- Data extract:
########
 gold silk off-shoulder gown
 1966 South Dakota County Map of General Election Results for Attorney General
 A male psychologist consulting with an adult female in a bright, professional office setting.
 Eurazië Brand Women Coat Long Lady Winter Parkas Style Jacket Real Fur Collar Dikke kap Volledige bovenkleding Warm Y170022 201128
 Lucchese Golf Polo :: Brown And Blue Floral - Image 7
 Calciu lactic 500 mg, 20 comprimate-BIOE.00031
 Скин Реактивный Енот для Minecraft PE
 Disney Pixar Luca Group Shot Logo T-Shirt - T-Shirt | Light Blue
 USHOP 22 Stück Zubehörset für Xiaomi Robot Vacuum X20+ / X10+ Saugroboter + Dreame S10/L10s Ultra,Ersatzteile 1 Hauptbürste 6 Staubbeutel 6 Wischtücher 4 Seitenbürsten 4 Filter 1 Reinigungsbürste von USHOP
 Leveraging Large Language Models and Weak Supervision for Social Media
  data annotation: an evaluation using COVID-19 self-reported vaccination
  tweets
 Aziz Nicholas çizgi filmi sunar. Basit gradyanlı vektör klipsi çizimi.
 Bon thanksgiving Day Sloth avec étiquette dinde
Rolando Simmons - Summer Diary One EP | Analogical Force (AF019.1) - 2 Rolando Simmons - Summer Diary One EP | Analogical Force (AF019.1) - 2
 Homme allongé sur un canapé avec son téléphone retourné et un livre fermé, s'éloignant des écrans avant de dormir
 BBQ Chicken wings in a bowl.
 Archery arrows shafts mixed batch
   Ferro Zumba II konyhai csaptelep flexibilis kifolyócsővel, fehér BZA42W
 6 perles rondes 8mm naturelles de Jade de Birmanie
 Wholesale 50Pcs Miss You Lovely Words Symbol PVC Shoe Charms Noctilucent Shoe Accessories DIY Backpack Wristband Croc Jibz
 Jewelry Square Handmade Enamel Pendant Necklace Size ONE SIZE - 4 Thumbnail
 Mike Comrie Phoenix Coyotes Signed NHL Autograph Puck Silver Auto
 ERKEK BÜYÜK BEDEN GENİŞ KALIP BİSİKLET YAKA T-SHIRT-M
########
- Task statement: The expected output is the complete data, repeated exactly.

- Reply to the task:
 gold silk off-shoulder gown
 1966 South Dakota County Map of General Election Results for Attorney General
 A male psychologist consulting with an adult female in a bright, professional office setting.
 Eurazië Brand Women Coat Long Lady Winter Parkas Style Jacket Real Fur Collar Dikke kap Volledige bovenkleding Warm Y170022 201128
 Lucchese Golf Polo :: Brown And Blue Floral - Image 7
 Calciu lactic 500 mg, 20 comprimate-BIOE.00031
 Скин Реактивный Енот для Minecraft PE
 Disney Pixar Luca Group Shot Logo T-Shirt - T-Shirt | Light Blue
 USHOP 22 Stück Zubehörset für Xiaomi Robot Vacuum X20+ / X10+ Saugroboter + Dreame S10/L10s Ultra,Ersatzteile 1 Hauptbürste 6 Staubbeutel 6 Wischtücher 4 Seitenbürsten 4 Filter 1 Reinigungsbürste von USHOP
 Leveraging Large Language Models and Weak Supervision for Social Media
  data annotation: an evaluation using COVID-19 self-reported vaccination
  tweets
 Aziz Nicholas çizgi filmi sunar. Basit gradyanlı vektör klipsi çizimi.
 Bon thanksgiving Day Sloth avec étiquette dinde
Rolando Simmons - Summer Diary One EP | Analogical Force (AF019.1) - 2 Rolando Simmons - Summer Diary One EP | Analogical Force (AF019.1) - 2
 Homme allongé sur un canapé avec son téléphone retourné et un livre fermé, s'éloignant des écrans avant de dormir
 BBQ Chicken wings in a bowl.
 Archery arrows shafts mixed batch
   Ferro Zumba II konyhai csaptelep flexibilis kifolyócsővel, fehér BZA42W
 6 perles rondes 8mm naturelles de Jade de Birmanie
 Wholesale 50Pcs Miss You Lovely Words Symbol PVC Shoe Charms Noctilucent Shoe Accessories DIY Backpack Wristband Croc Jibz
 Jewelry Square Handmade Enamel Pendant Necklace Size ONE SIZE - 4 Thumbnail
 Mike Comrie Phoenix Coyotes Signed NHL Autograph Puck Silver Auto
 ERKEK BÜYÜK BEDEN GENİŞ KALIP BİSİKLET YAKA T-SHIRT-M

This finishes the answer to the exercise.